The Last Box


It’s bad enough having to move up a box every ten years or so, but I truly dread the day I’ll have to tick the final one when asked my voting intention, entertainment preference or steps taken per week.

What must it be like ticking the last box? The one where there’s nothing to the right. The one whose + screams ‘everything from here is a bonus’. The one that indicates your age is so high that nuances no longer matter. Now you belong with the geriatrics.


Statisticians use demographics when analysing data on everything from TV ratings and political opinion to future need for hospital beds. A central variable in such analysis is age. Or rather age group.

Depending on the organisation and the issue at hand, the first group will tend to be the 18-24 year olds. This category is followed by age groups mostly divided in ranges of nine years (25-34, 35-44 and so). But the final group has only one number followed by a ‘+’. (Most often, this is 65+ although there are examples of 55+ and 70+). It couldn’t be any other way – unlike the beginning, which always starts at zero, we don’t know the end date. And yet, there’s something disheartening about that last box.

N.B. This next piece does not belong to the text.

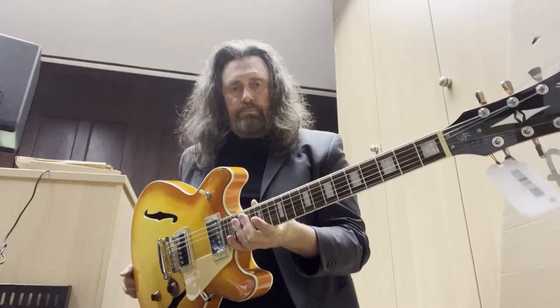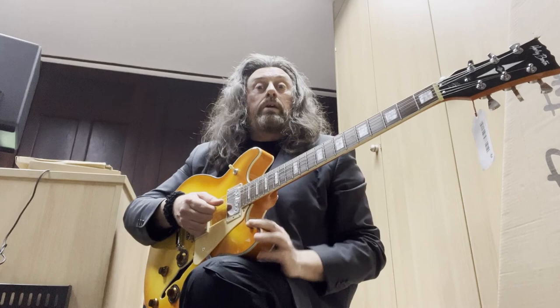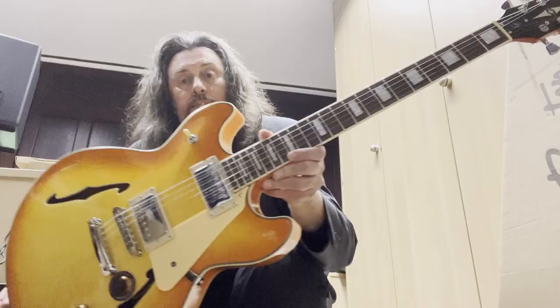That should do the trick. We'll get it plugged in and give it a little try out - it's the Harley Benton HB-35 Lemon Drop. Cheers!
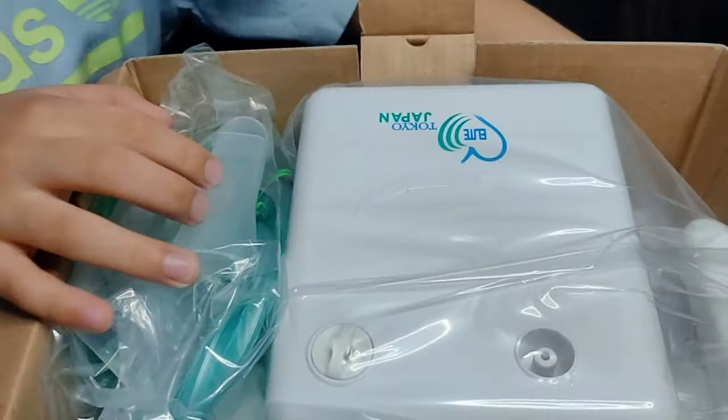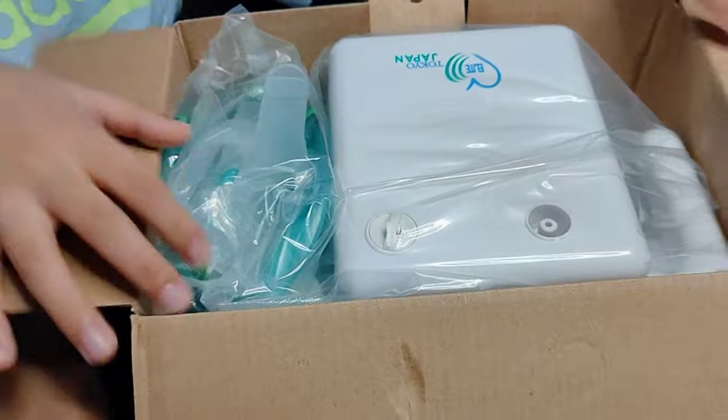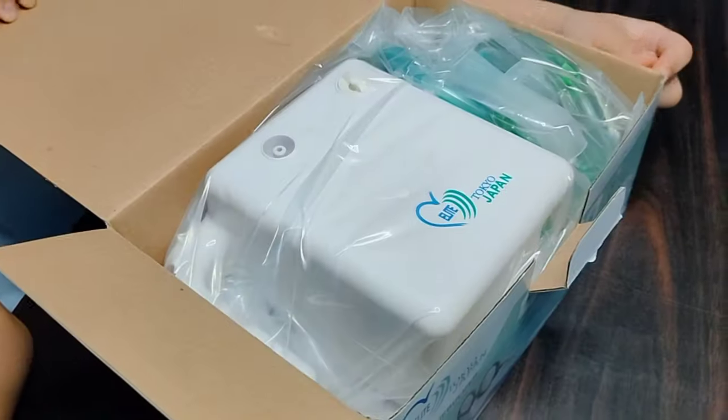Do you like this? Turn it around. One more.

The only good news is that whereas we’re stuck with the +, we may have to increase the number.

At present, one fifth of EU citizens are above the age of 65, but according to recent projections that figure will have gone up to one third by 2080. This constitutes a complete change of the demographic situation and since it’s already questionable whether those in their sixties should be in the same category as those aged, say, 85 and upwards, it increases the need for additional boxes. After all, the 65+ group contains two generations whose life experiences have been very different.

The argument for lumbering them in together would be that they are ‘not of working age’, an important parameter in social research. However, this may be the only thing many of them have in common. It is also likely to change. People are living longer and our societies will not be able to sustain retirement periods of 25-30 years for such large propertions of the population. Furthermore, many prefer to remain in the work force for much longer than until their 65th year.

We’re going to need more boxes.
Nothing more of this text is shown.